# Someone is selling a 1987 Blue Sentra Coupe



## Sundermeyer (Sep 8, 2014)

I like to scan the net for these things in case someone is interested.

nh.craigslist.org/cto/5993271160.html

It's too far away for me.

-Marc


----------



## fiddlerere (Feb 16, 2017)

Didn`t understand what are you talking about. Repeat?


----------



## Car guy (Mar 31, 2016)

Reached out to the guy. Didn't hear back.


----------



## quadraria10 (Jul 6, 2010)

Here is a cooler 1987 Nissan in Ottawa for the equivalent of 3700 US. Check out the futuristic dash

Price reduced Must sell 1987 Nissan 300ZX NA Coupe T-top | used cars & trucks | Ottawa | Kijiji


----------



## smj999smj (Jan 1, 2006)

Why are we posting a 300ZX in the old Sentra/Pulsar section?


----------



## quadraria10 (Jul 6, 2010)

Sorry for that. Wasn't really posting so much about a model as I was about a year. I was just surprised to find a 30 year old Nissan available in my general market area. Thought it made a cool juxtaposition with the 87 Sentra. I haven't seen either car in the flesh for at least a decade.
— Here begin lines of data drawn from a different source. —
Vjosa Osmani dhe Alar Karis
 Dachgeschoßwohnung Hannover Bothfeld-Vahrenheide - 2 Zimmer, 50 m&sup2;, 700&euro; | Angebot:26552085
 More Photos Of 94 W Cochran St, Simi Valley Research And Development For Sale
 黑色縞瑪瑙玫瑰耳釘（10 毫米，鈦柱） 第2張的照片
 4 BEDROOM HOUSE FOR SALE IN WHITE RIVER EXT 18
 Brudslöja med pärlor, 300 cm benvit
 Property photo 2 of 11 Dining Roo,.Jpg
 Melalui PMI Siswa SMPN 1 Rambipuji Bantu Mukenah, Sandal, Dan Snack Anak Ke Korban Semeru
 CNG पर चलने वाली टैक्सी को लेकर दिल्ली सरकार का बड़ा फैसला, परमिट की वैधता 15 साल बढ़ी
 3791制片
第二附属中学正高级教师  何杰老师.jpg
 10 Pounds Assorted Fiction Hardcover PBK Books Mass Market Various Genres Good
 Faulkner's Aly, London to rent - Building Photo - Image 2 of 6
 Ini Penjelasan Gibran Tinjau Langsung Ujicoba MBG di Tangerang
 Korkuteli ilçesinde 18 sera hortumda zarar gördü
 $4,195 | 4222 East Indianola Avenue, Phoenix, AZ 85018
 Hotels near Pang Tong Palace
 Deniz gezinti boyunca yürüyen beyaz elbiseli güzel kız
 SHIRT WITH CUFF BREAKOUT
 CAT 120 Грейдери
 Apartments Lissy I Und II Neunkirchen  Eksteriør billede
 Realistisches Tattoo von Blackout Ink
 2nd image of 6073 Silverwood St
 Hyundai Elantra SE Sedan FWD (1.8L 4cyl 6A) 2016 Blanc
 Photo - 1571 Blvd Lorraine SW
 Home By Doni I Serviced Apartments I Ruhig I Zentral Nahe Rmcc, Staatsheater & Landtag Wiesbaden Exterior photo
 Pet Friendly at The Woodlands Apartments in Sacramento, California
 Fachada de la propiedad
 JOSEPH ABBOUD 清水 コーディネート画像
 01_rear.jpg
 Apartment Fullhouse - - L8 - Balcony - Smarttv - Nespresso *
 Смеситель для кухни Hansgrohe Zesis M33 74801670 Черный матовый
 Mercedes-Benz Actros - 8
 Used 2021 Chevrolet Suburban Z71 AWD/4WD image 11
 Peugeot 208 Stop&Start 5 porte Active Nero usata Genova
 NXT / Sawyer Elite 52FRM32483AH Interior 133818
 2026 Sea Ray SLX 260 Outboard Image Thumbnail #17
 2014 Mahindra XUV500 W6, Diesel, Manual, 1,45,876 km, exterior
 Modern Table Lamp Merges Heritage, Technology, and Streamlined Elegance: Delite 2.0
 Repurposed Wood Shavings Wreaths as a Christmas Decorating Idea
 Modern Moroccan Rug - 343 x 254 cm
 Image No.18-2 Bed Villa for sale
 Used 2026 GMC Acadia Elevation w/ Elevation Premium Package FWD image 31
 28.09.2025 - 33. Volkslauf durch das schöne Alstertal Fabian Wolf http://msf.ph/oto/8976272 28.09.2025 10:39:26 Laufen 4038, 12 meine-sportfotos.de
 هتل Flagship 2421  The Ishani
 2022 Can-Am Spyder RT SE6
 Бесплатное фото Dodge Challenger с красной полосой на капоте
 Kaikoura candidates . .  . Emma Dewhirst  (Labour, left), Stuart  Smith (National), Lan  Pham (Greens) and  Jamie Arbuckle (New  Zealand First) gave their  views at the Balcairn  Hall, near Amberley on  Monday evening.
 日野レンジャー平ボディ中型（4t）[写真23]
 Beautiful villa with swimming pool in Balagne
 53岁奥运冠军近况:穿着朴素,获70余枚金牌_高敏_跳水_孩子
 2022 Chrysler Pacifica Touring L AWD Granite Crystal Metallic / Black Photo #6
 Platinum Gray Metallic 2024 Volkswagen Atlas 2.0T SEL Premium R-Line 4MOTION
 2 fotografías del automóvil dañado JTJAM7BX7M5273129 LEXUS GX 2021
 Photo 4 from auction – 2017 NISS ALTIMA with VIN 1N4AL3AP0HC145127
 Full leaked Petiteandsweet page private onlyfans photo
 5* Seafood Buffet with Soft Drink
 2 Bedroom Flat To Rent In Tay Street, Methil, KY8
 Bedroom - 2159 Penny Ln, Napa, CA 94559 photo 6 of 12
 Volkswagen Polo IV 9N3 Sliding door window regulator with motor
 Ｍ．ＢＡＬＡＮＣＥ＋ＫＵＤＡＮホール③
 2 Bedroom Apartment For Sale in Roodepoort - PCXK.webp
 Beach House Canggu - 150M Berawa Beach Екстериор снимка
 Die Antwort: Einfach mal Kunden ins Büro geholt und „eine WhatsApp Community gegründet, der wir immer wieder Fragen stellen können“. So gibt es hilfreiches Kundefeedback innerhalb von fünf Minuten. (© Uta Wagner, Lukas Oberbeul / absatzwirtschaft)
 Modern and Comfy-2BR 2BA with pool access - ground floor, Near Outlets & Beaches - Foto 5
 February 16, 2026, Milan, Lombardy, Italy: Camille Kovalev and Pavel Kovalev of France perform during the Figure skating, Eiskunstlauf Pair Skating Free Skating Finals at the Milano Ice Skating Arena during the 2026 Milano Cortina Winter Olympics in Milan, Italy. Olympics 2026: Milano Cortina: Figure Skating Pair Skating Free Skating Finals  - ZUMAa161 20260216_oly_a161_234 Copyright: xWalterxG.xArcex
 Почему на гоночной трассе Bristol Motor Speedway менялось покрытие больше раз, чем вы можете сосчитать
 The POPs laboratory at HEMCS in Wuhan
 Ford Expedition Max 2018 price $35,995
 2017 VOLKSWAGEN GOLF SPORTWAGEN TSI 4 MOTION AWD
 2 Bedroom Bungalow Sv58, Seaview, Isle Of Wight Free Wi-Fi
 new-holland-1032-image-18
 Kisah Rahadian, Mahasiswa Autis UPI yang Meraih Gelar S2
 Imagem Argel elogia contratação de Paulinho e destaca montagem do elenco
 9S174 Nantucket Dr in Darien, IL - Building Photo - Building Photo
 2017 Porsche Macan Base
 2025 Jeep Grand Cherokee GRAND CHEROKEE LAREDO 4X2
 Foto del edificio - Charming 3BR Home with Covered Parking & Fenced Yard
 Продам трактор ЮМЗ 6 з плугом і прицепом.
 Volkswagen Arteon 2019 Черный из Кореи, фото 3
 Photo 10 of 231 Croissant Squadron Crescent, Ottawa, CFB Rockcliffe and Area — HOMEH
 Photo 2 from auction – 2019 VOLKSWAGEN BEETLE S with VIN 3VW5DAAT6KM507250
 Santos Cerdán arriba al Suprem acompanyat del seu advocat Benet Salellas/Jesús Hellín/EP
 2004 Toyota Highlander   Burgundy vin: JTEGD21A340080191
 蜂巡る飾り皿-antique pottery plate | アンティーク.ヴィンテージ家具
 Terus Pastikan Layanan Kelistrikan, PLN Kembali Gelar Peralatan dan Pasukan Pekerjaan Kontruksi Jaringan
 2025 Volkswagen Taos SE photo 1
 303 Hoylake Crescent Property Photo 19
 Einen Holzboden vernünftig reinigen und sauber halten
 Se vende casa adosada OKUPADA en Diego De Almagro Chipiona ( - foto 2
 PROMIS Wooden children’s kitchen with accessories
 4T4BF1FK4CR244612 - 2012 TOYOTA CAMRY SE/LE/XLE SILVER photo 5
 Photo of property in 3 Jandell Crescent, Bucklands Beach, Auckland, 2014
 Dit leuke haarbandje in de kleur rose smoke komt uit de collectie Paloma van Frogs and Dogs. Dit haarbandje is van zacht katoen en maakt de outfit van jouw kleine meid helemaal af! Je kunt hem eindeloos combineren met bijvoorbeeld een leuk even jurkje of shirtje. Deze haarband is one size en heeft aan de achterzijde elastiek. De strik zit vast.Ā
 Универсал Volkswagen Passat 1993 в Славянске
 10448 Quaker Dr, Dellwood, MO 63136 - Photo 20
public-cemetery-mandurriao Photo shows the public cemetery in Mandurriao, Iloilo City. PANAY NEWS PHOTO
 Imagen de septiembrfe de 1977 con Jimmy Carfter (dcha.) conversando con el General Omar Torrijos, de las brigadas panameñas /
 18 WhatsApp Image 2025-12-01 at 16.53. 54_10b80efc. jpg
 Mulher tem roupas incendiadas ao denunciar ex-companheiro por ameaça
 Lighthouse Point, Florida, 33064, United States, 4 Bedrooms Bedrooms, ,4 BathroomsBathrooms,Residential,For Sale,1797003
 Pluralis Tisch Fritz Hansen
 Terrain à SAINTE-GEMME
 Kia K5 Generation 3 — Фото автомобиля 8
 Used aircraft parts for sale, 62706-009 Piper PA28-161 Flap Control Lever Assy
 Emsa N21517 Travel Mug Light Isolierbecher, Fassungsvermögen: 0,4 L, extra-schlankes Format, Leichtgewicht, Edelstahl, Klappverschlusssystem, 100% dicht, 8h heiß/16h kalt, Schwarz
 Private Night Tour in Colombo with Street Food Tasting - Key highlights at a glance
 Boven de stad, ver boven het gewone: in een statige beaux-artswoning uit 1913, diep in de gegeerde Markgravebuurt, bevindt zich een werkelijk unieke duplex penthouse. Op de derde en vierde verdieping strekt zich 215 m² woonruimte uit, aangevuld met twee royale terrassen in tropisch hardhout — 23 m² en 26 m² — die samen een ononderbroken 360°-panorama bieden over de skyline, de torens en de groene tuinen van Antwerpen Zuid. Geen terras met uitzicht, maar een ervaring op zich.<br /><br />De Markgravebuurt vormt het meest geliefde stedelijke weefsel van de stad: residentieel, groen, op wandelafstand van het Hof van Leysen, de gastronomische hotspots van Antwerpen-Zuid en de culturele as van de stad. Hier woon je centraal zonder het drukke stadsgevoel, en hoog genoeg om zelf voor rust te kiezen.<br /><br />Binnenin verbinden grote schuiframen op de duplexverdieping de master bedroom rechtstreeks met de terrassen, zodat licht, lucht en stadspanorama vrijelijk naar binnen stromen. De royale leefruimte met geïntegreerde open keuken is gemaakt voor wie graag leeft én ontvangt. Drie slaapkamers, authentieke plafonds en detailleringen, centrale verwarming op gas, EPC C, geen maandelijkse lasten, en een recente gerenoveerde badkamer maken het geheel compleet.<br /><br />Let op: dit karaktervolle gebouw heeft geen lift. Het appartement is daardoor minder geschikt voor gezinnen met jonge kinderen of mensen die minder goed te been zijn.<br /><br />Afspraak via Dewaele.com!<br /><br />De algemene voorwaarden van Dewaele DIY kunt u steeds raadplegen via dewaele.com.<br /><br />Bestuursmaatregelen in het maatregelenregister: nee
In fact could not find a single 1987 Sentra currently for sale in Canada.


----------



## Tricky Tom (Jul 20, 2019)

The reason that I am looking on here in the first place..
I have a 1987 Nissan Sentra Hatchback.....49,000 actual miles on it. 
It was my step fathers and he passed. bought it from the estate, he was the only owner and now I am the second.
It had 31,000 miles on it when I got it.
is licensed, insured, and drove it just yesterday......
Has some hail damage on it now......but very nice.....Might sell if price gets right


----------